Pharisees and pieties at the ABC

Thank heavens we are not as other national broadcasters, proclaims Aunty, pointing a righteous finger at the BBC's now-exposed conspiracy to gag climate-change sceptics. Really?


It was perfectly OK for ABC Science Show presenter Robyn Williams on November 24 to draw analogies between pedophiles, crack-smokers and climate sceptics. That’s the ABC’s official view, put by an ABC spokeswoman to The Australian. The ABC added re-assuringly that it did not “equate” sceptics to pedophiles.


Maurice Newman, the ABC’s previous chairman no less, had lodged a complaint about Williams’ analogy, and the ABC was telling him, politely, where he could stick it.
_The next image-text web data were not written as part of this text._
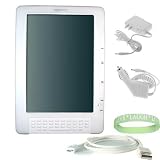 5 Item Accesories package for Amazon Kindle DX E-Book Reader: Silicone Skin Rubber Cover (CLEAR) + White Amazon Kindle DX Car Charger + White Amazon Kindle DX Wall Charger + White Amazon Kindle DX Data Cable + A Live*Laugh*Love Wrist Band!!!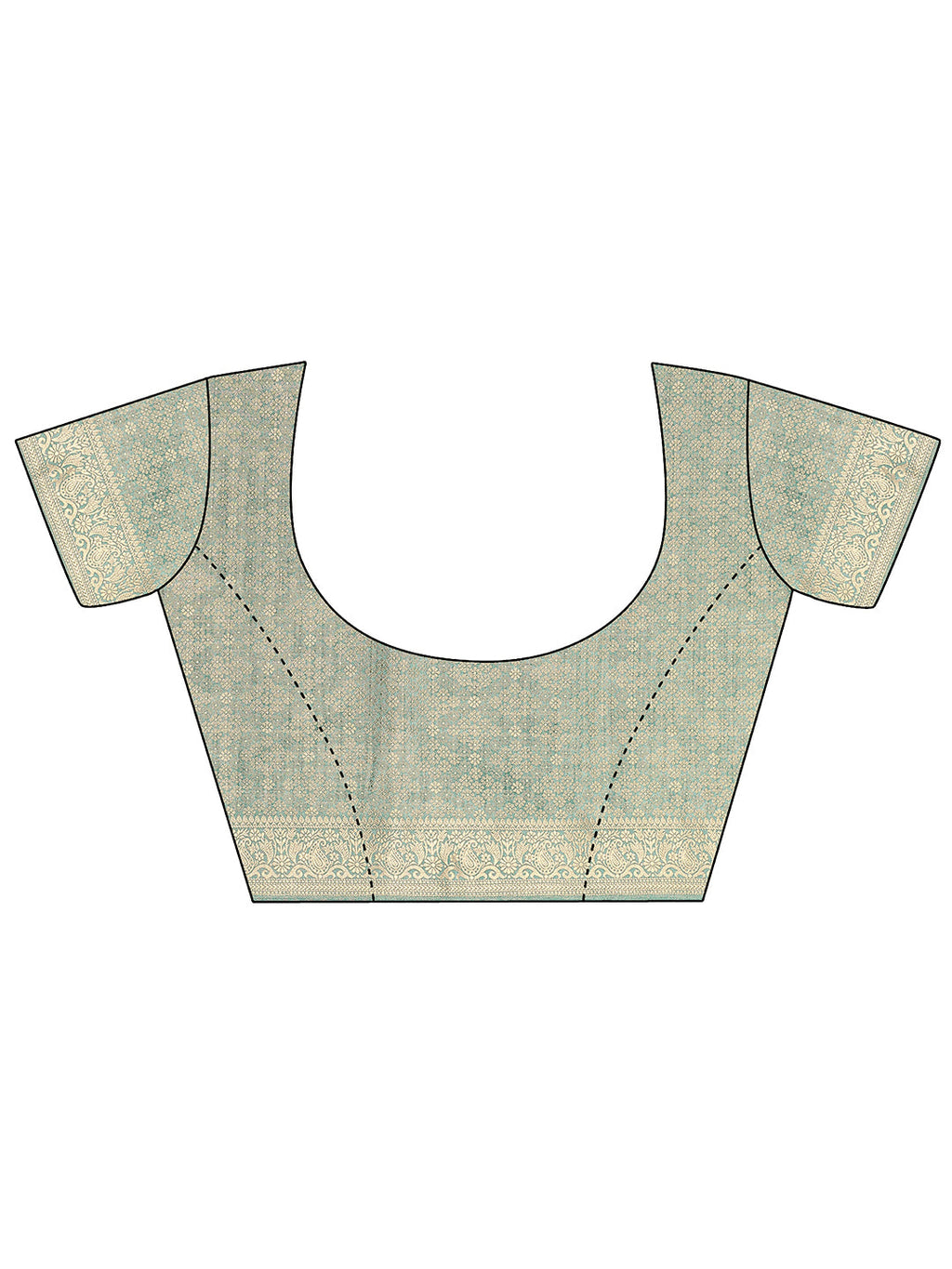 Green Printed Silk Blend Sarees With Unstitched Blouse Piece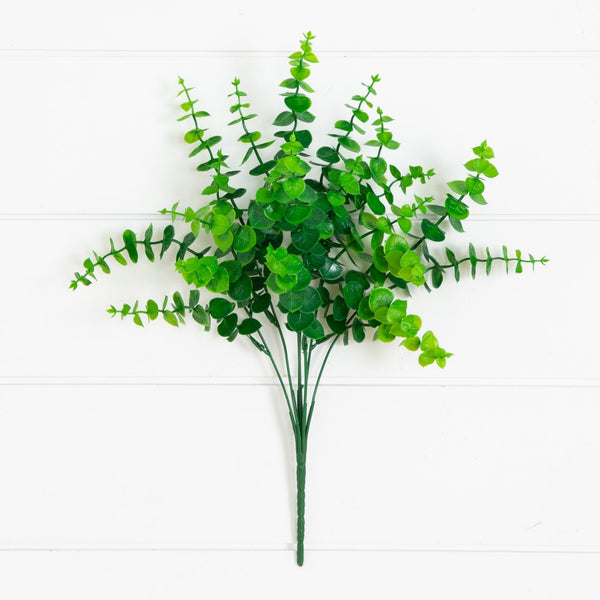 15” UV Resistant Artificial Eucalyptus Bush (Indoor/Outdoor) - Set of 4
The topic has more angles than a dodecahedron. For example, on December 19 The Australian contrasted the ABC’s equanimity about sceptic/pedophile analogies, with a new Australian Press Council ruling. The Council ruled that UK polemicist James Delingpole was being unacceptably offensive to compare our local wind farm industry with a pedophilia ring. 

However, I’m inspecting now an angle that no-one has yet remarked on. Namely, the ABC has accused its sister-organisation, the BBC, of bigotry, mendacity, and willful breach of the BBC’s charter for impartiality, in respect of the BBC’s handling of the global warming controversy.

Here’s what the unnamed ABC spokeswoman said: "Unlike the BBC, the ABC acknowledges there are climate scientists who question the core thinking about climate science. The ABC gives them and their views air time."

Both broadcasters are controlled by and riddled with Leftists and warmists. Hence the ABC’s attack was an et tu, Brute moment for the BBC.

British households pay a licence of £147 a year for their BBC, unlike Australians’ amorphous $1.2b in ABC budget funding. Hence Britons have specific hip-pocket cause for indignation if the BBC is conspiring to censor sceptic views, as alleged by the ABC.

The BBC is (and here’s a strange angle) already under attack over both warmism and pedophilia. The former concerns its five-year explicit policy to keep sceptic views off its airwaves, and the latter concerns pedophiles’ activities under the BBC umbrella. Indeed the Director of News Helen Boaden, who implemented the sceptic censoring policy, is also accused of management failures over the Jimmy Savile pedophile scandal.

The BBC said that Boaden and her deputy “were in the chain of command at the time that Newsnight shelved an earlier investigation into abuse claims against former BBC presenter Jimmy Savile.”

Boaden returned to duties this month, after stepping down and then getting a rap on the knuckles from the internal pedophile inquiry, which said she should “have taken a more active role” in resolving the crisis. 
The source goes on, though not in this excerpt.